§ **PROVIDED DATA**
◆ ◆ ◆

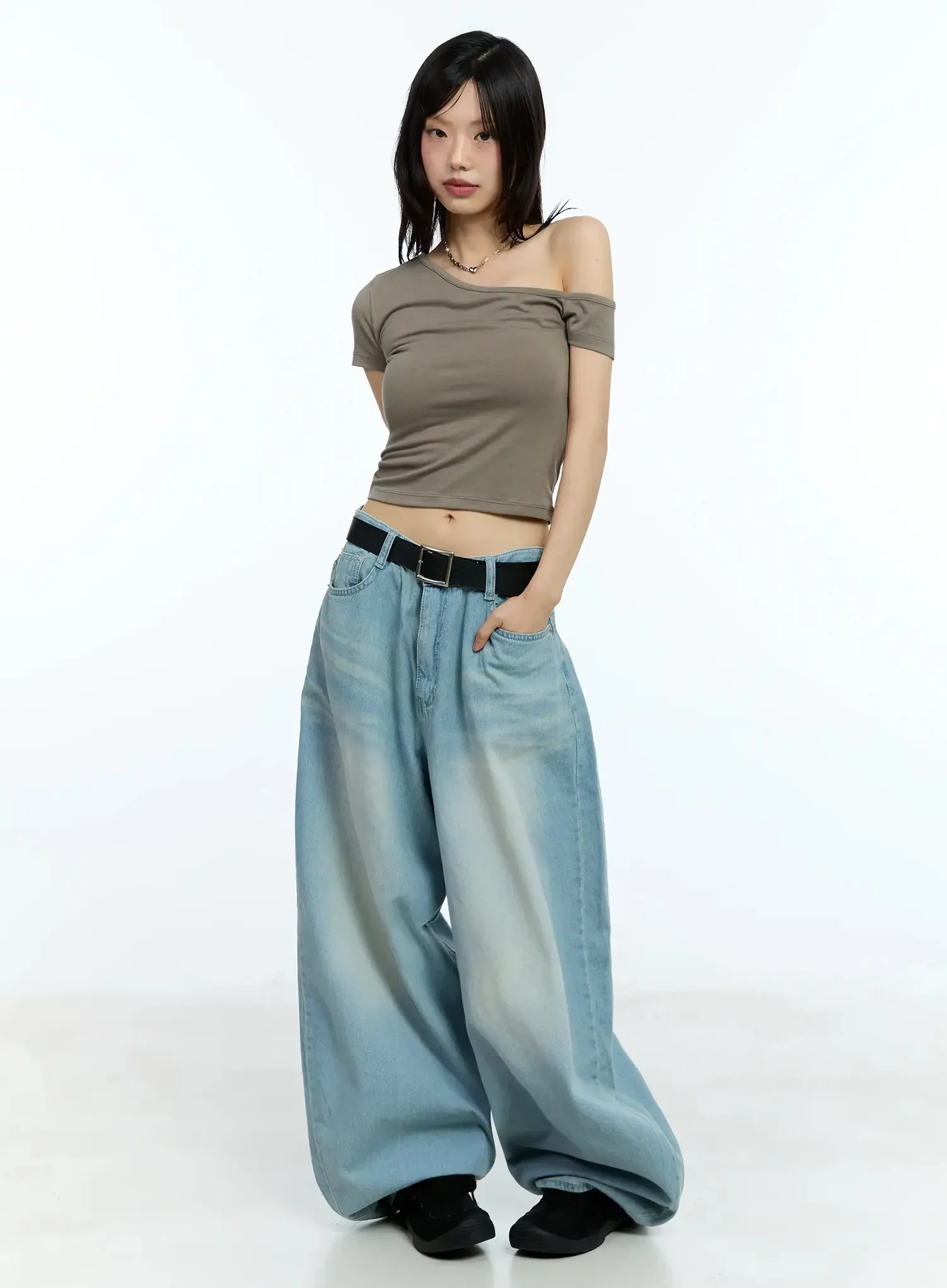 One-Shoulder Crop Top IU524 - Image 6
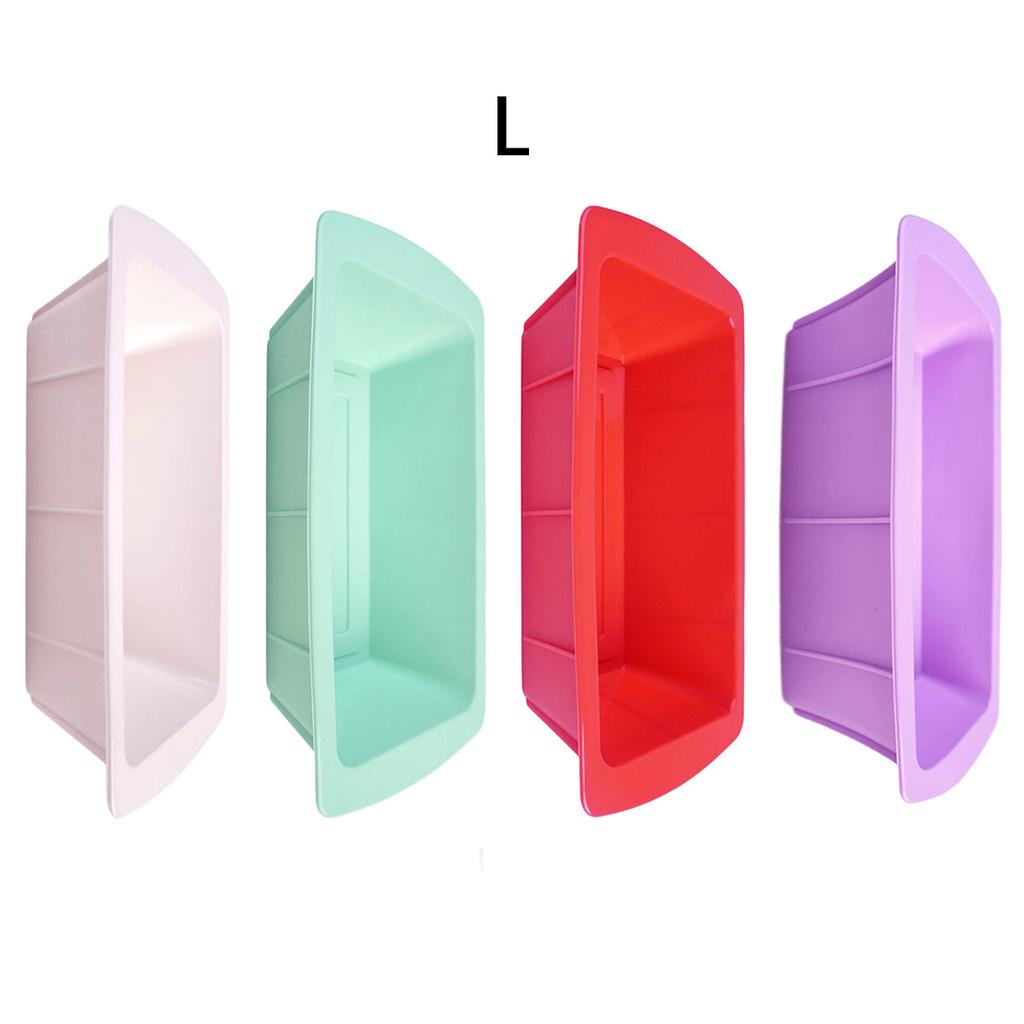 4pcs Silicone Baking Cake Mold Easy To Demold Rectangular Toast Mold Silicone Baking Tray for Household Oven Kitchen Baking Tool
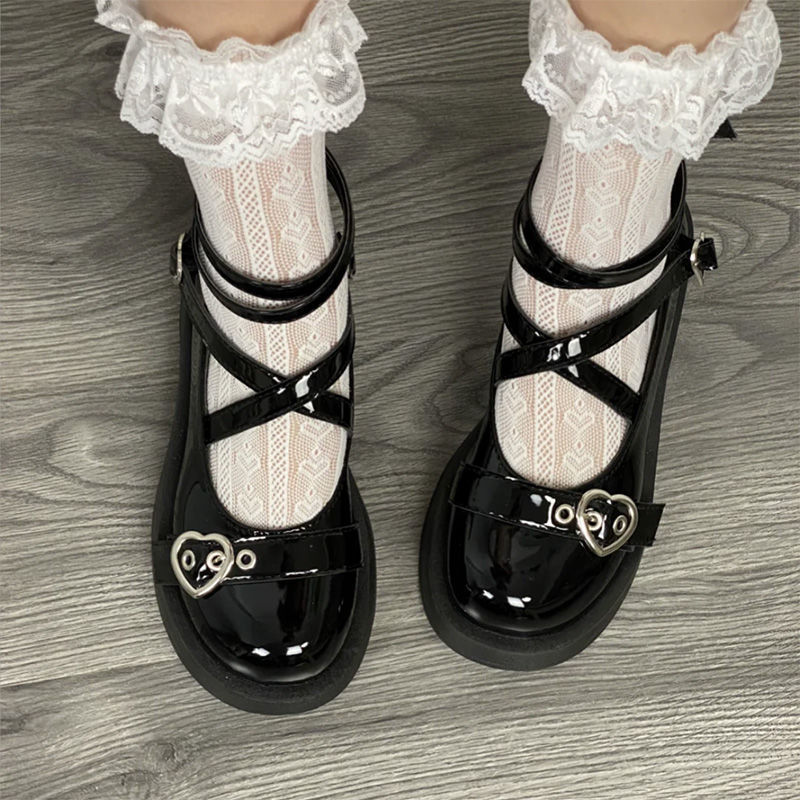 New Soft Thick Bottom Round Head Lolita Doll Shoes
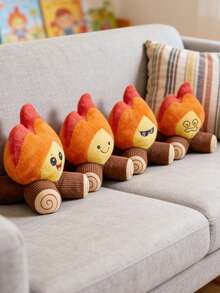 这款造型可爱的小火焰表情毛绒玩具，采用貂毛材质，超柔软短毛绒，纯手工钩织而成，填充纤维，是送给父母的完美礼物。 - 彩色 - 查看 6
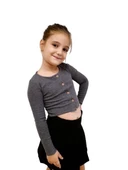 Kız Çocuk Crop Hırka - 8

◆ ◆ ◆

§ **ACTION ITEM**
Copy exactly, and only, the lines running from the one containing "4pcs Silicone Baking" through the final line of the data, and omit the pictures.

§ **SOLUTION**
 4pcs Silicone Baking Cake Mold Easy To Demold Rectangular Toast Mold Silicone Baking Tray for Household Oven Kitchen Baking Tool
 New Soft Thick Bottom Round Head Lolita Doll Shoes
 这款造型可爱的小火焰表情毛绒玩具，采用貂毛材质，超柔软短毛绒，纯手工钩织而成，填充纤维，是送给父母的完美礼物。 - 彩色 - 查看 6
 Kız Çocuk Crop Hırka - 8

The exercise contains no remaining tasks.